This book made an immediate impression on me as soon as I opened it. Botto presented his toys & accompanying kitsch in an extremely novel way. All photos in the book were taken outside in natural sunlight and the effect can often trick the viewer into believing what he’s seeing is real. In many instances Botto used old ’30s, ’40s, and ’50s postcards to create a background for his cast-iron cars & trucks to wheel around in. In some cases you do a double take, not realizing everythings in miniature. I was really taken with this book, so much so that I decided to adopt the same approach in my own photography.

Toy soldiers were one plaything that was always accessible when you’re a kid. They’re cheap & if they were set on fire or sucked up by a hotel pool skimmer, you could easily buy more. After I first saw Toy Story I became reacquainted with these little plastic figures. You can find them in any drug store, along with other cheap trinkets such as dinosaurs & astronauts, but if you look back through pop culture history, these tiny playthings were once highly regarded by the children who played with them as well as the adults who made them.

The 1950s and ’60s were the zenith of plastic toy soldiers and their ilk. Dozens upon dozens of bagged figures & boxed playsets were produced, most notably by Marx Toys Click Here: Check out “Louis Marx and Company - Wikipedia, the free encyclopedia”. But there were other manufacturers as well like Auburn, Tim-Mee Toys, Aurora, and MPC. The subject matter went beyond the military to cover things like deep sea creatures, Zulu warriors, life on the farm, the circus, medieval knights, and the American Presidents. Television & Film character sets were also made, including The Flintstones, Zorro, Ben-Hur, Robin Hood, Yogi Bear, Batman, and even Disneyland.
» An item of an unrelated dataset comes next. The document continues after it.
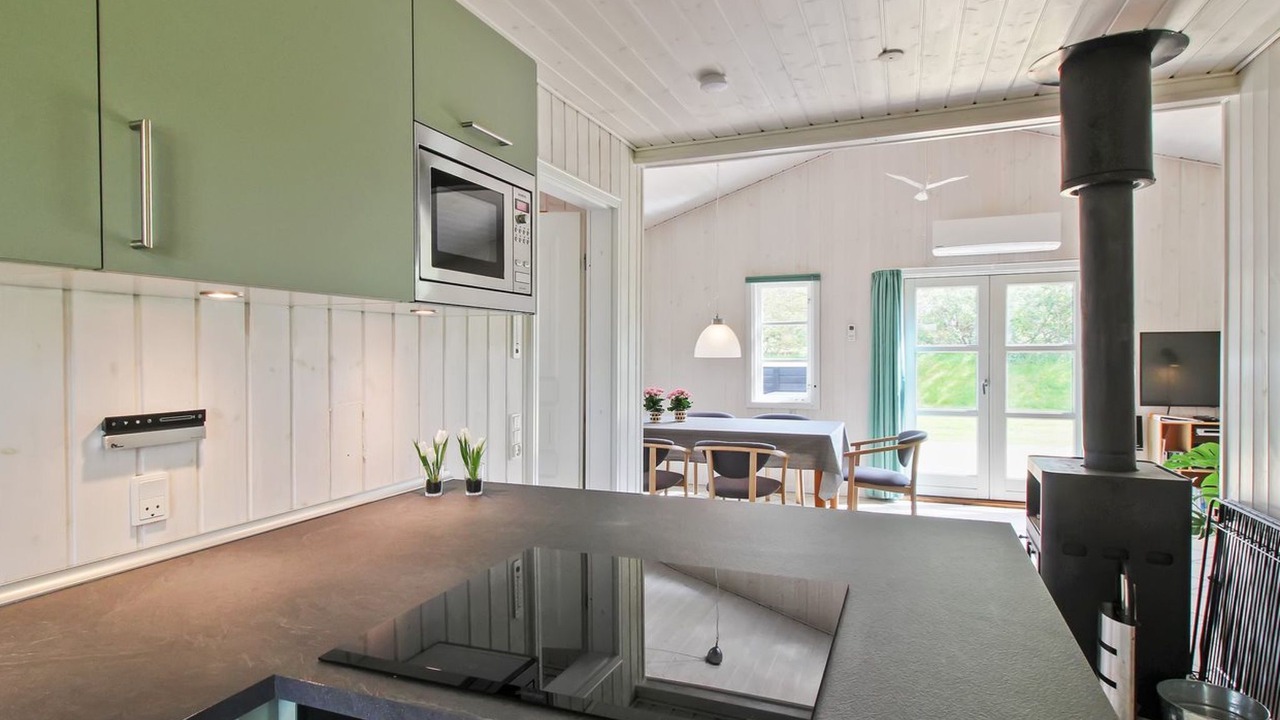 Photo of Bedroom in Blavand Strand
What’s immediately noticeable is how detailed these small toys were. The quality & style always varied, but even the crappiest toy has an appeal. You can see a major drop in quality from the ’60s to the ’70s as companies closed and copies of originals were reproduced over & over again until everything became watered down. For instance, most dinosaur toys available today are sloppy copies of Louis Marx’s great 1961 Prehistoric Times playset figures. Disturbingly on the other hand, certain green army men currently available are actually crude clones of Airfix Models’ Nazi soldiers originally manufactured in the 1960s. The overall drop in quality is a shame even for such an insignificant product. It is another example of American companies closing shop & losing ground to cheap, foreign manufacturing.